Arakavyuuham a 10-member percussion band from Kerala Kalamandalam experiments with traditional and Western instruments

‘We are cooking some delicious dishes with our instruments,’ this culinary metaphor richly encapsulates the creative essence of Arakavyuuham, the percussion band birthed within the hallowed walls of the Kerala Kalamandalam Deemed University, a prestigious facility for the performing arts located in Cheruthuruthy, Thrissur district. This inventive group of musicians, all postgraduate students, is stirring up the traditional music scene with an audacious blend of classical and contemporary instrumental flavors.

Arakavyuuham is composed of ten members, bound together not just by their love for music but also by the powerful ties of companionship formed over years of cohabitating in the institution’s hostel. Adithya Krishna, the founder and a proficient chenda student, joyfully acknowledges this bond, as the members have known each other since their adolescent enrollment in Class VIII. Now, as some of these artist-friends approach the completion of their courses, the group has become more like a family, having navigated the rhythms of life and music together for more than a decade.

The pioneering spirit that fuels this ensemble’s musical journey owes its inspiration to a senior who once dabbled with multiple percussion instruments, blending divergent sounds in joyous jamming sessions. This innovative approach resonated with the young musicians, compelling them to create their unique symphonic recipe with an ensemble boasting of traditional drums like the chenda, mridangam, thimila, mizhavu, edakka, and western instruments like drums, cajon, and darbuka.

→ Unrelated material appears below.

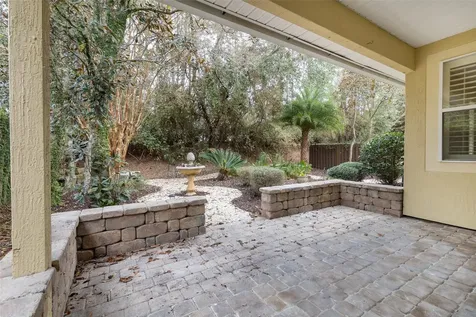 96061 Long Beach Drive Fernandina Beach FL 32034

Arakavyuuham’s distinctiveness lies in the soul of Kathakali Sangeetham, the music paradigm integral to the Kathakali dance drama. Venturing beyond the boundaries of both classical and popular music, the group endeavors to infuse this genre with a contemporary, western twist. The challenge was in harmonizing the acoustic output of culturally and ritually tied instruments, mastering their limited sound variations to synergize with the polyrhythmic patterns from their western counterparts. It’s a delicate balancing act that Adithya and his comrades have embraced with fervor.

Interestingly, the ensemble’s structure during performances bears an improvisational approach that stands apart from taniavarthanam, where percussionists individually showcase their rhythmic prowess. Arakavyuuham, instead, opts for a collective narrative, with each section commanded by an instrument, but not predetermined, ensuring a spontaneous and engaging musical conversation among the members.

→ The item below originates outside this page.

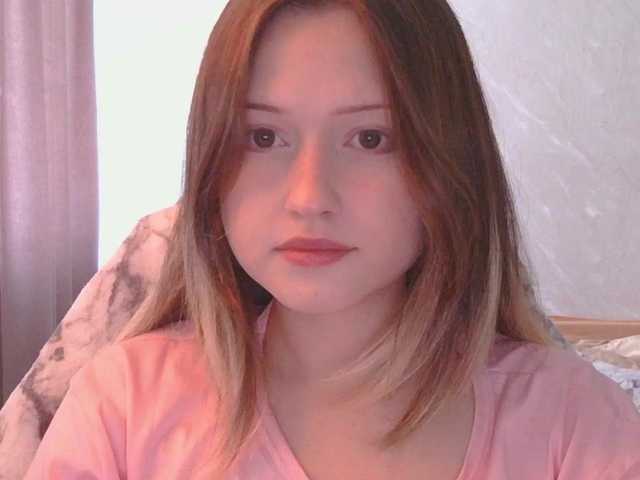 BelovedMary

Deriving its name from the confluence of Sanskrit words ‘arakam’, meaning cacophony, and ‘vyooham’, denoting a group, the band playfully engages with the expectation of dissonance when diverse sounds are blended only to artfully subvert it. With Arakavyuuham, the supposed cacophony transforms into a harmonious and innovative soundscape.

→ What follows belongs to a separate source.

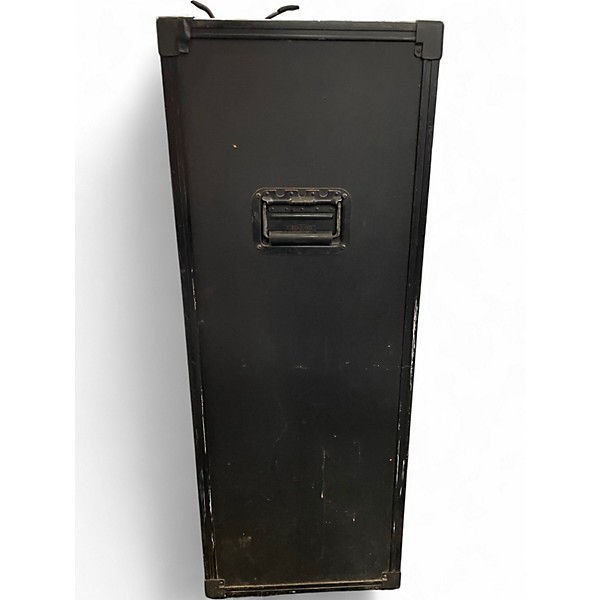 Used Sunn MODEL 215B Bass Cabinet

Their repertoire extends beyond Kathakali padams to Carnatic music-infused film songs, showcasing their ability to straddle diverse musical worlds with ease. Their performances, starting with a debut on the Kalamandalam campus, have been a feast for the ears, and their upcoming schedule includes appearances at esteemed cultural festivals across Kannur, Kollam, and Alappuzha.

This fascinating story of Arakavyuuham—a chronicle of musical impressionism and heartfelt camaraderie—continues undeterred, as the members affirm their collective commitment to this audacious project, even as some graduate and move on from their Kalamandalam chapter. Reflecting on the road ahead, Adithya reassures fans and patrons alike that despite the educational transitions, the band will go on, inviting audiences to savor the rich, aural dishes they have so passionately prepared.